[Exercise instructions] The task requires repeating, word for word, the lines from the one with "UK88 Lucky Wheel" through the end of the material, leaving out all pictures.

+++ Input for this task

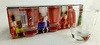 SHOTS vodka glasses 45 ML KIT, for 18, for 50th birthday, Alpina, 6pcs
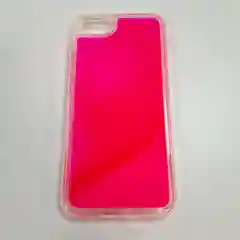 Серый меланж чехол на iPhone 7 / 8 / SE 2020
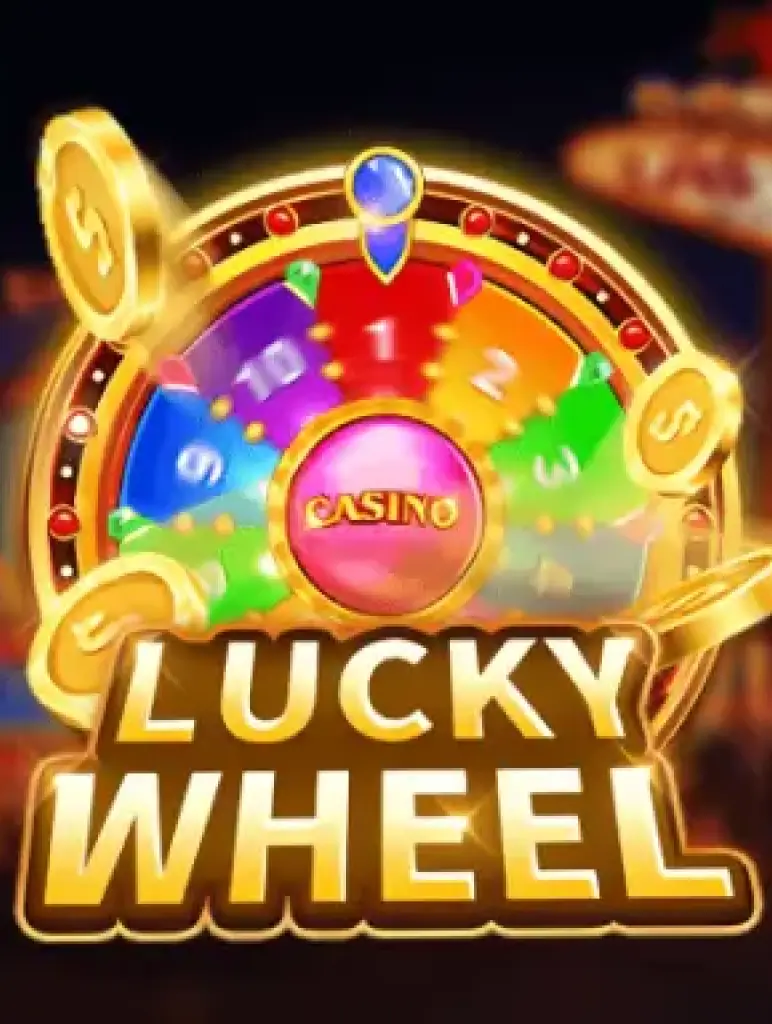 UK88 Lucky Wheel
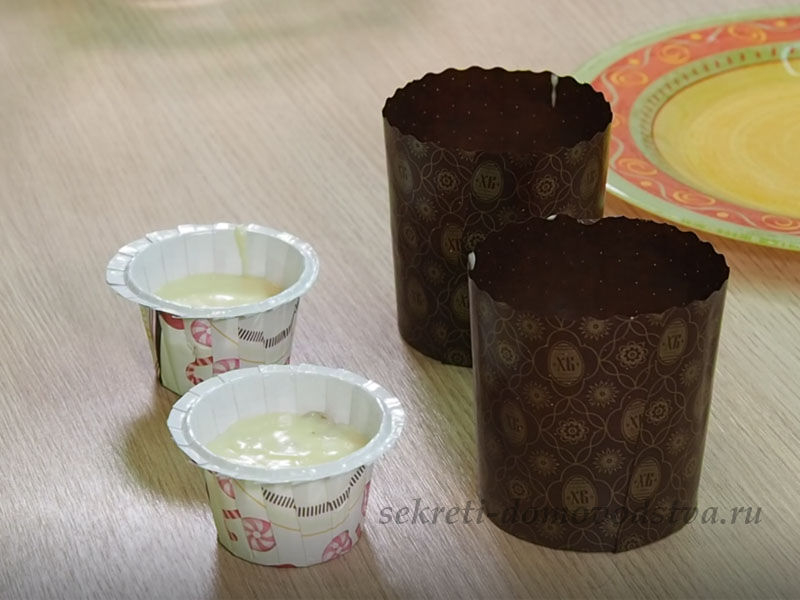 Готовим кулич в микроволновке – вкусные пошаговые рецепты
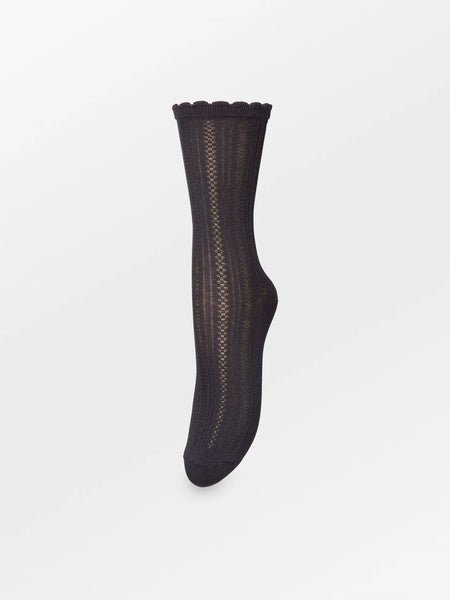 Crochia crotta sock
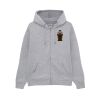 BS333 BlackSpider felpa con cappuccio e zip lunga 70% cotone 30% poliestere 280g Thumbnail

++++++

[Result of this task]
 UK88 Lucky Wheel
 Готовим кулич в микроволновке – вкусные пошаговые рецепты
 Crochia crotta sock
 BS333 BlackSpider felpa con cappuccio e zip lunga 70% cotone 30% poliestere 280g Thumbnail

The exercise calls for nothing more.